Лукоморец тряхнул головой, воздел ладони к небу и обвел противников отчаянным взглядом, в котором ничего не осталось от той стальной решимости, с которой несколько секунд назад он развел дерущиеся стороны по углам. Словно пытаясь облечь свои мысли в самые нужные, самые правильные слова, которые смогли бы дойти и до самой погрязшей в обиде и ненависти души — и не находя их, Иванушка взмахнул руками — или махнул на собственное бессилие, заранее признанное, но не победившее, и снова заговорил. Он изъяснялся неуверенно, неуклюже, с расстановкой, иногда натужно и мучительно подбирая слова, то и дело сбиваясь, внутренне вздрагивая и отшатываясь от мелькнувшего ненавистного ему призрака пафоса и фальши — но не замолкая. Не сдаваясь.

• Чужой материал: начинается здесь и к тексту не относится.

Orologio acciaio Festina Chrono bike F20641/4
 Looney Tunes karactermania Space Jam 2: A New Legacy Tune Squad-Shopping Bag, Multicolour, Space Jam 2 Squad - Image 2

— Понимаете, Конро, Вяз… месть и ненависть — это дорога кольцом. Стоит только ступить на нее — и конца ей не будет, потому что ненависть прекращает существовать только вместе со своим хозяином… Чем дальше — тем больше крови и жизней. И опять — тем больше причин мстить!.. И так — до бесконечности. Вечно. Кругами… Понимаешь, Конро, погибнет Атланик-сити — придут другие атланы. Вяз, вы же тоже сознаете, что если поляжет горный народ, спустившийся сейчас в долину, то нагрянет новый! И никто из вас никогда не отступит, пока не останется только один из народов… Или никого.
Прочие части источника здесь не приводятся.